What Lies For The Future Of Dealerships?

A fleet of white Toyota's at a dealership
APISITH via Shutterstock
A lineup of Toyota vehicles at a dealership

Unfortunately, while high markups won't last as vehicle inventories stabilize post-COVID, high transaction prices might linger for a little longer. To understand, we must talk about dealership inventories. According to BCG, the effects of the pandemic-induced new car shortage will still linger for the next few years. While as mentioned, inventories are set to be more stable, the amount of cars dealers are holding won't be as many as pre-pandemic levels. As a result, dealers are less compelled to offer discounts on new cars.

At the same time, due to the new car shortage, dealers report that 59 percent of new car purchases in 2022 were made-to-order instead of choosing what's already available in the dealer lot as opposed to just 19 percent in 2019. This is due to the longer wait times that enable customers to have the luxury of time to create a certain specification they want for their car. As a result, customers are paying at least at MSRP since they were able to order a car based on the color, features, and trim they want, but this also gives dealers a chance to raise the price by upselling more optional features.
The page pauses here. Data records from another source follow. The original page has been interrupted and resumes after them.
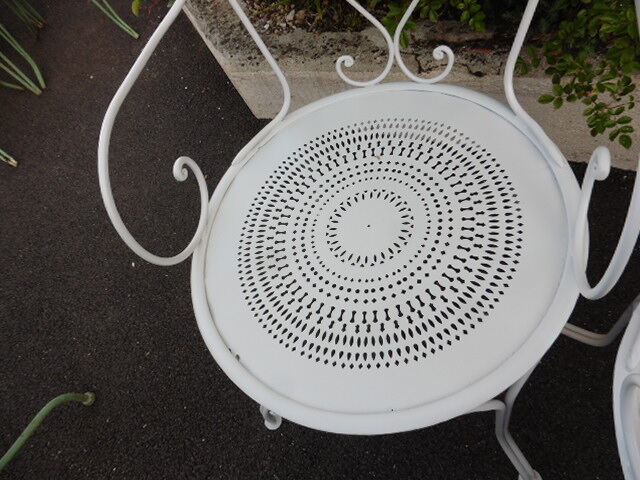 Lot of 4 restored old wrought iron armchairs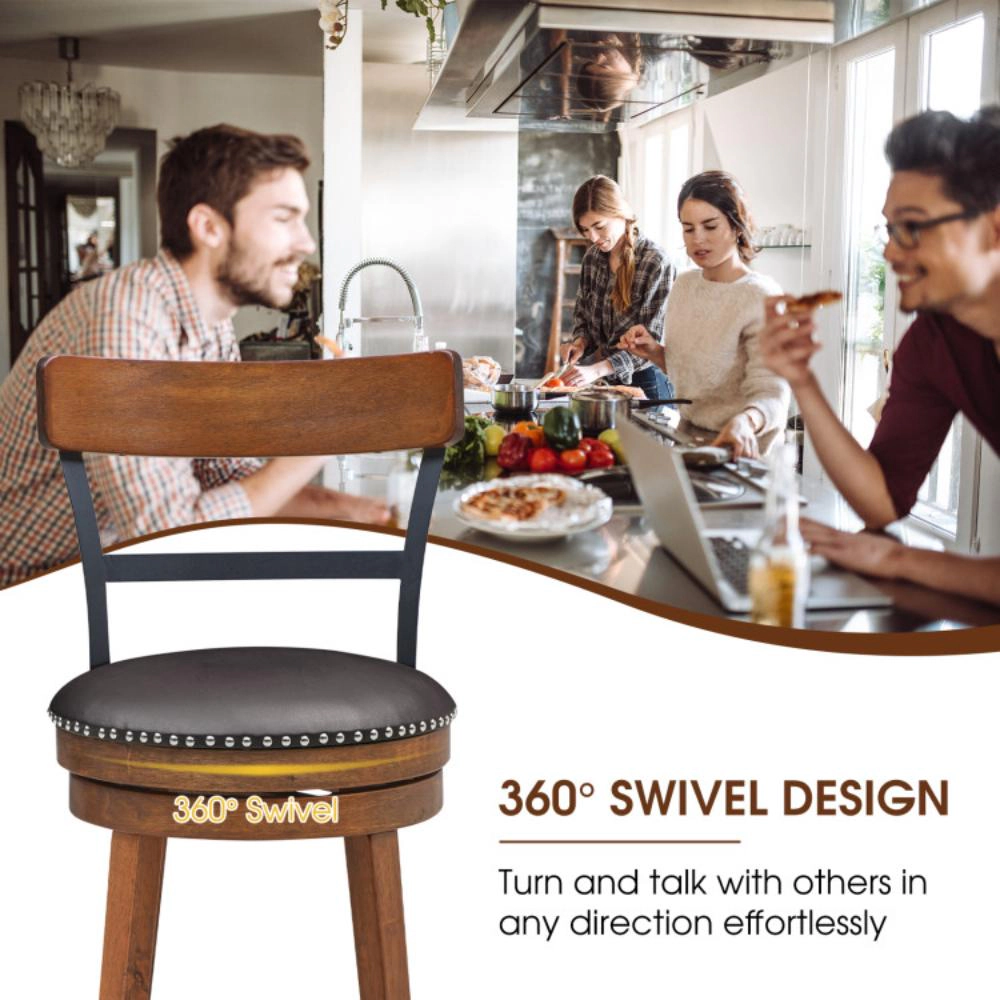 Hivvago Set of 2 Adjustable Swivel Counter Stools for Kitchen or Bar Use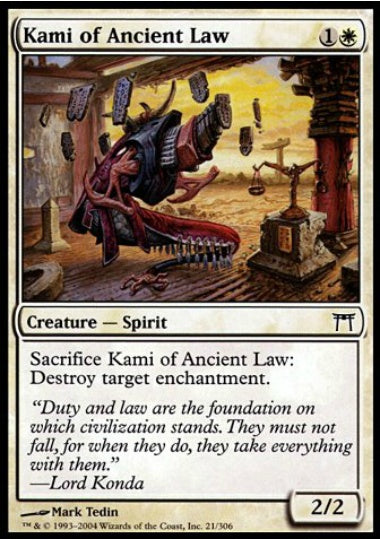 (英)【Foil】古の法の神 / Kami of Ancient Law【CHK】 No.021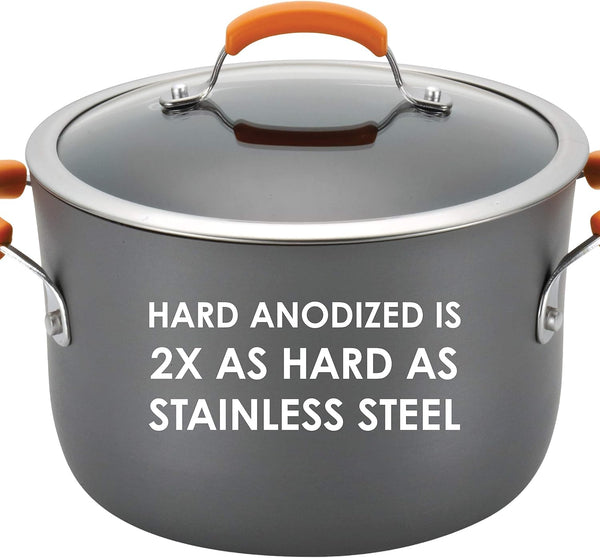 Brights Hard-Anodized Aluminum Nonstick Cookware Set with Glass Lids, 10-Piece Pot and Pan Set, Gray with Orange Handles2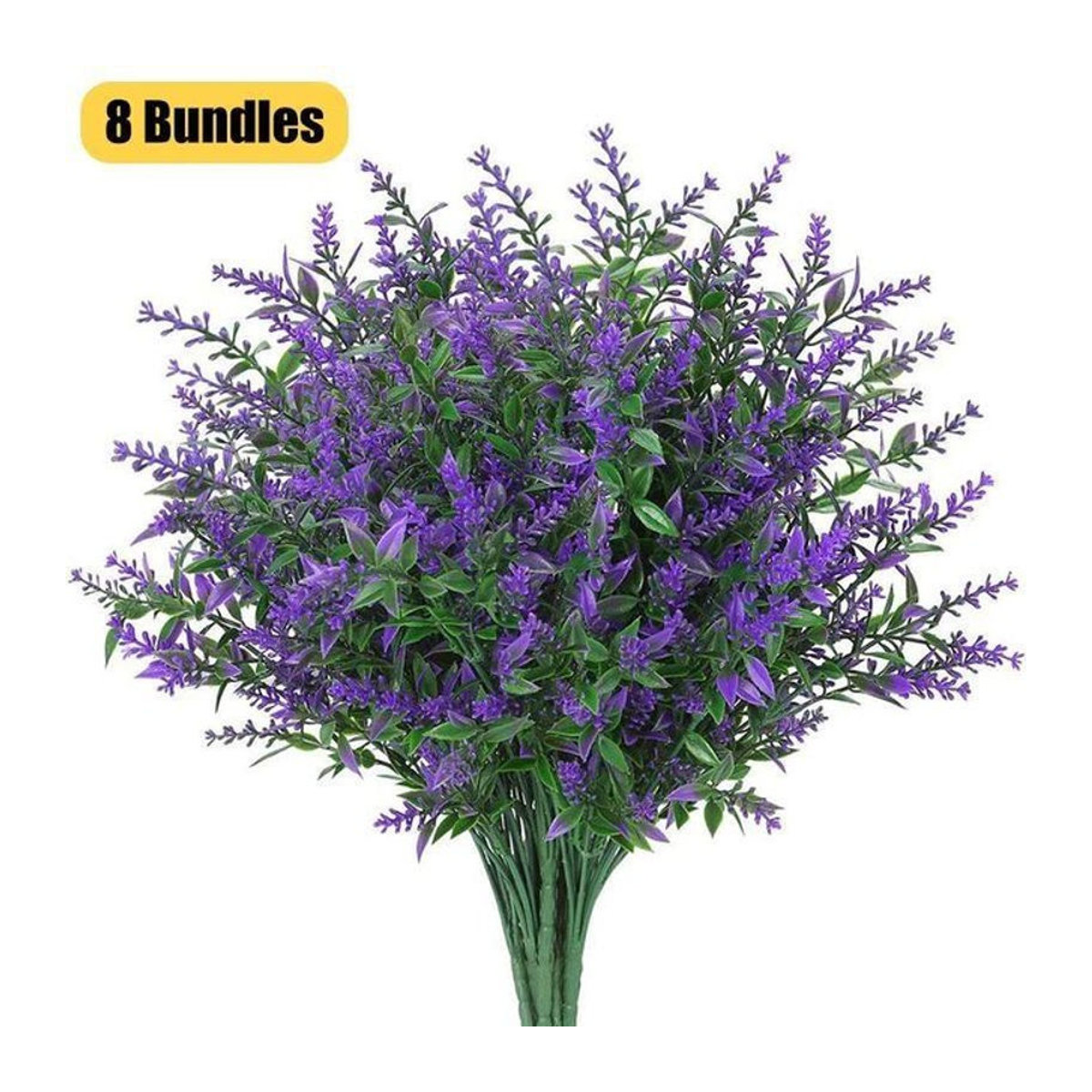 8 Bündel künstlicher Lavendel in Lila von yuyongzhi, wetterfeste Kunstblumen für Garten und Veranda, Höhe: 35 cm - Bild 1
Related: New Cars That Are About To Tank In Value In 2023

The Online And EV Age Is Both A Boon And A Bane

Tesla dealership
Electrek
Photo of a Tesla dealership

With online retail sales now becoming a thing, you might expect that purchasing a new car online would fast become a norm, right? Not quite. The actual buying process is still low at just 0.5 percent in 2020, but the most common online service that dealers have invested in is home vehicle delivery and delivering a test drive to the customer's house. Carvana--an online used car shop, sells cars directly to consumers, and one of its defining characteristics is its "no haggle, no hassle" pricing model. What you see is what you actually pay for, and at a time when markups are high, that can only be a good thing.
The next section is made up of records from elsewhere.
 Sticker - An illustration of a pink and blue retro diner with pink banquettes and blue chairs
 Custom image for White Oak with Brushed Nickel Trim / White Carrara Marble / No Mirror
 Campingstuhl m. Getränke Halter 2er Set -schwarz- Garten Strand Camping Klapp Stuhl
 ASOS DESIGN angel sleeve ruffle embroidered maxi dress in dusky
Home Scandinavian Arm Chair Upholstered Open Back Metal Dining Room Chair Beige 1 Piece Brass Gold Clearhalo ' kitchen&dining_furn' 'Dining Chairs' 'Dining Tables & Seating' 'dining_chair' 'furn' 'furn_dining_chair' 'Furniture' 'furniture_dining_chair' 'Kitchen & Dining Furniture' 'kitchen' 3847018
The EV age, however, introduces its own opportunities and challenges. Tesla for instance, is the perfect example of an automaker that directly sells to consumers, thus removing the middle man (aka the dealership) from the equation altogether. As a result, their pricing is what you actually pay for, and as expected, this didn't bode well for dealers and with certain U.S. States.

Additionally, dealerships also profit from aftersales services, but EVs don't require as much maintenance as internal combustion engine (ICE) cars. As a result, dealers have fewer aftersales revenue opportunities in the EV age, and it's also exacerbated by the fact that the challenge of changing the tooling of their service centers in order to accommodate EVs is also quiet expensive.

But at the end of the day, you can bet that the dealership model will continue to exist in the decades to come--perhaps not exactly in the way it looks today. Expect digitalization and the EV switch to play a role in this, while negotiating for cars below MSRP could be a thing once again if vehicle demand and inventory levels stabilize in the next few years.